When I seek out work that might answer these questions, I find two varieties that, for my taste, do the opposite. One tries to embalm the imaginative world of the poem into “the visual.” If the poem uses the word river, this approach always seeks to show us a visual representation of “river.” I don’t think either form is served here. This approach limits both the suggestive world of the poem and the expressive possibilities of images and sounds. Another approach is so ethereal and abstract that I feel adrift and lost as I try to connect the dots between the images, the sounds, and the poem; my brain hurts and I want to look at cute and funny kitten videos for a while.

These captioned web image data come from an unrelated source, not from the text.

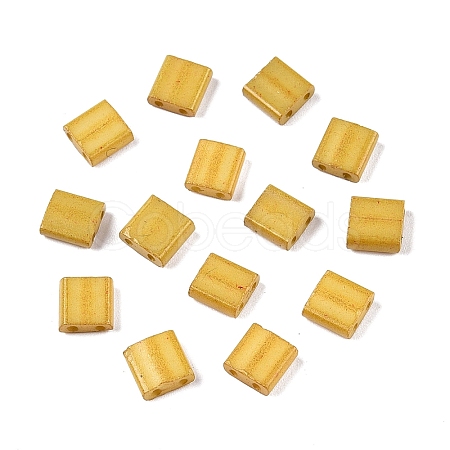 2-Hole Baking Paint Glass Seed Beads SEED-S023-17C-22-1
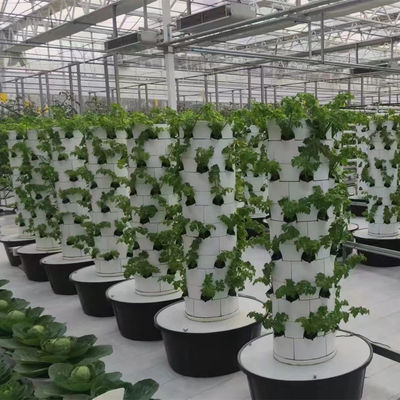 Sistema di coltivazione di piante per giardino completamente automatico per piccole piante idroponiche verticale a casa per uso commerciale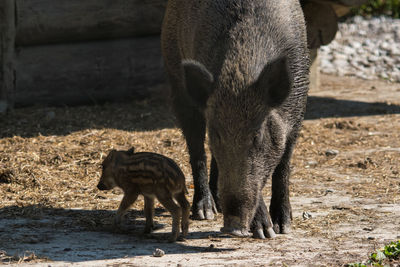 Feeding wild sow with piglet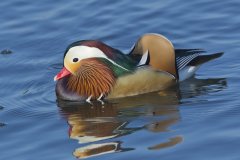 Mandarin Duck, Aix galericulata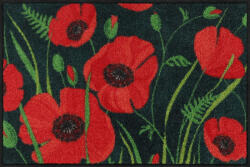 Salonloewe Poppys of Maivi 50x75 cm szennyfogó lábtörlő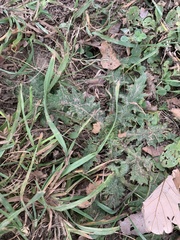 Asteraceae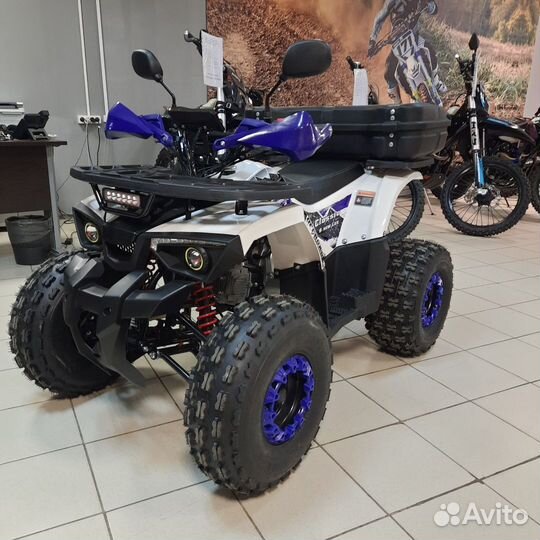 Avantis Classic 8 New Lux с кофром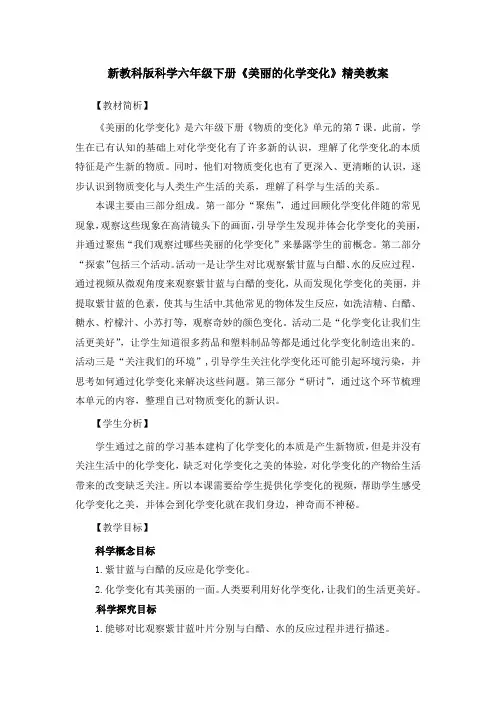 新教科版科学六年级下册《美丽的化学变化》精美教案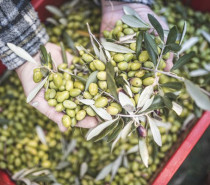 Trentino: Oliven ernten im nördlichsten Olivenanbaugebiet der Welt Trentino: Oliven ernten im nördlichsten Olivenanbaugebiet der Welt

Is there a better approach that takes advantage of the properties of both genres? If there is, I think it’s a delicate balance. In my own work, I do try to ground the poem in a visual context that is literally connected to the world of the poem, but only by directing the viewers’ wonder—not by embalming the poem in some narrow visual construct. With this in mind, I’m working toward creating a more imagined or subjective sense of the world of the poem, one that suggests a character’s point of view. I think this strategy can be more suggestive and allow more space for the viewer’s imagination. Also, I’m working toward a simple, clean visual aesthetic, one that doesn’t drown the poem in visual data. I want the viewer to be open to the nuances of the voice, the language of the poem, and other sound components. The idea here is to braid language, sound, and image so they strengthen and further one another.

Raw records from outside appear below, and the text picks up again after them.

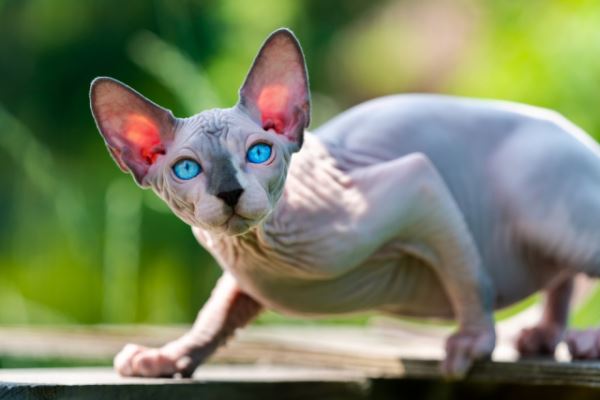 Какие породы кошек отличаются наибольшей преданностью? - новости экологии на ECOportal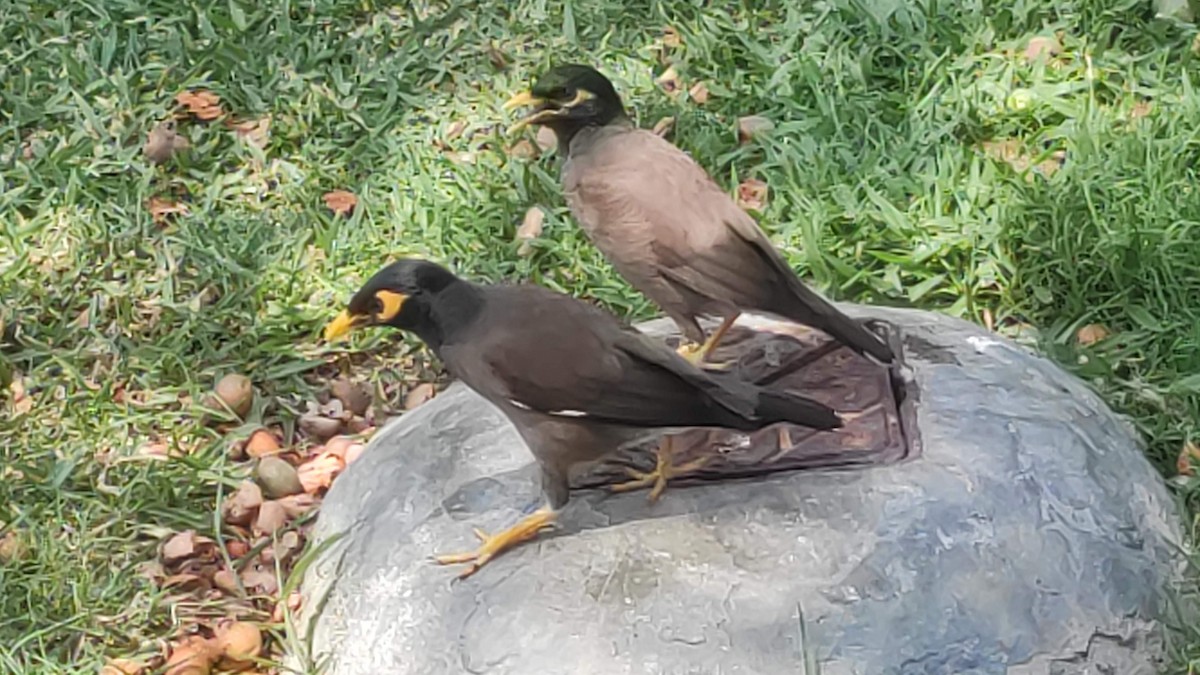 灰斑鳩 - ML646287522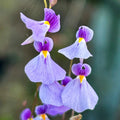 Violet Utricularia Flower seeds for Planting Wildflower Mix, Heirloom & GMO Free Seeds for Home Garden Sale seeds for planting
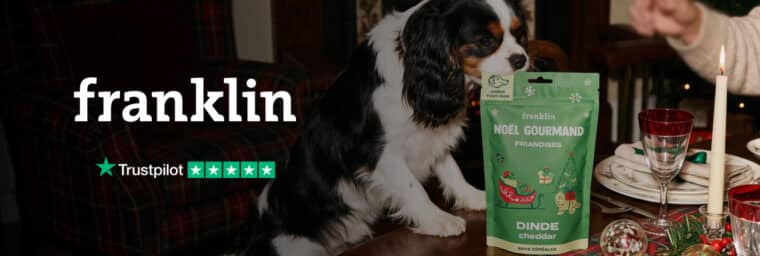 Franklin – Noël gourmand Dinde, Cheddar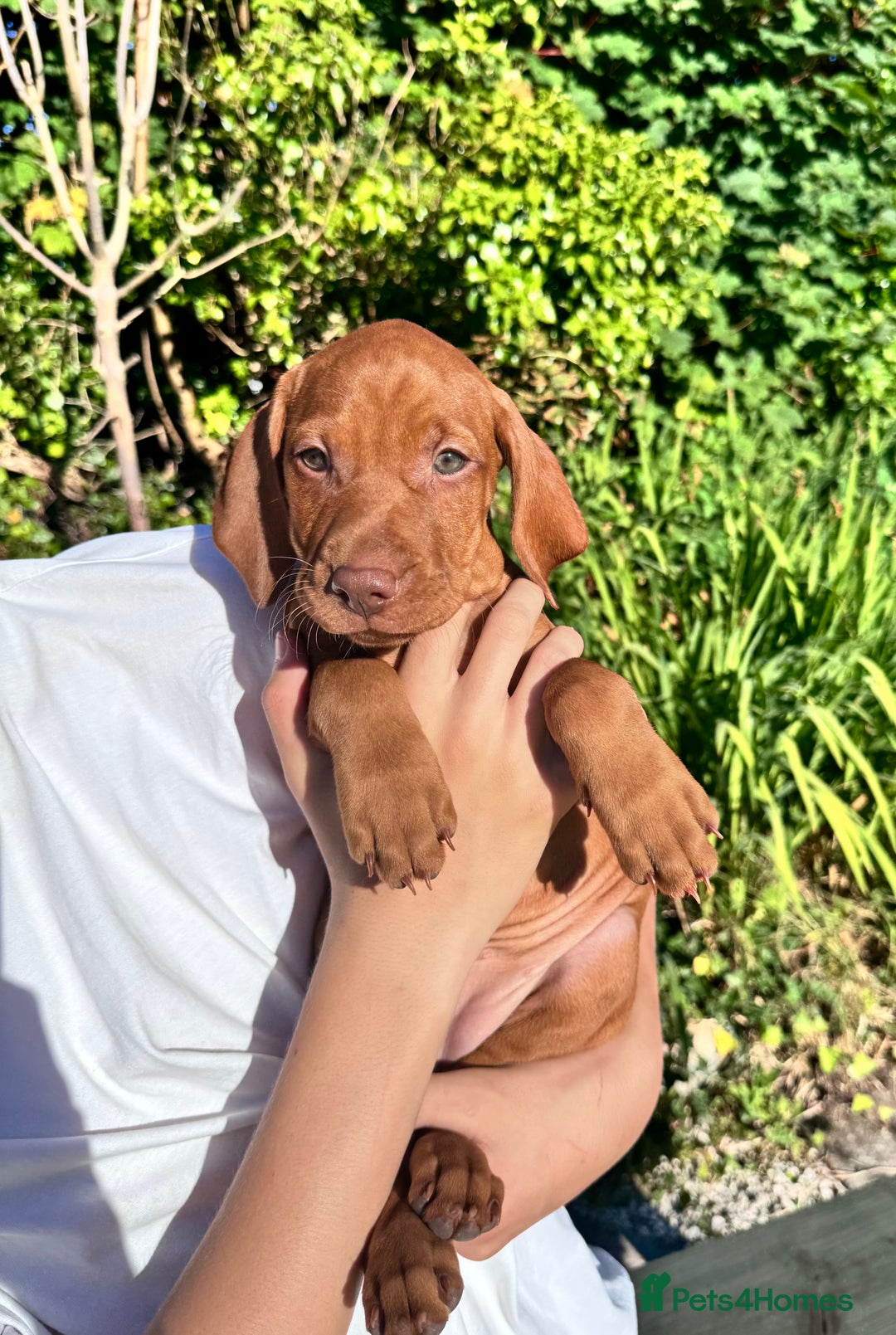 Hungarian Vizsla dogs for sale: 1 girl left of litter of 7 KC reg Vizsla pups  - Image 19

Can it be done? I think so. I have seen at least two works that I think set the standard for how well this genre can work. La Jetée, the 1962 film by Chris Marker, while not a cinepoem, brilliantly balances the spoken word elements with its images and its sound design to create something new that would be impossible without the contribution of each component. It mainly uses simply composed still images that suggest the larger world of the movie, along with a evocative voice track that forces astounding correspondences between what we see and what we hear. Thank you, Chris Marker. Also, I think a recent cinepoem by filmmaker Michael Langen called Heliotropes (it’s on Vimeo) ingeniously balances the tensions of the genre. Langen’s approach draws on nuanced animation and compositing techniques that abstract the image and open up the imaginative world of Brian Christian’s poem. It’s a really a striking and affecting work. These two films represent a kind of ideal for me, a kind of holy grail, as I continue to adapt Elizabeth Bishop’s poems and work to balance the tensions of the two forms.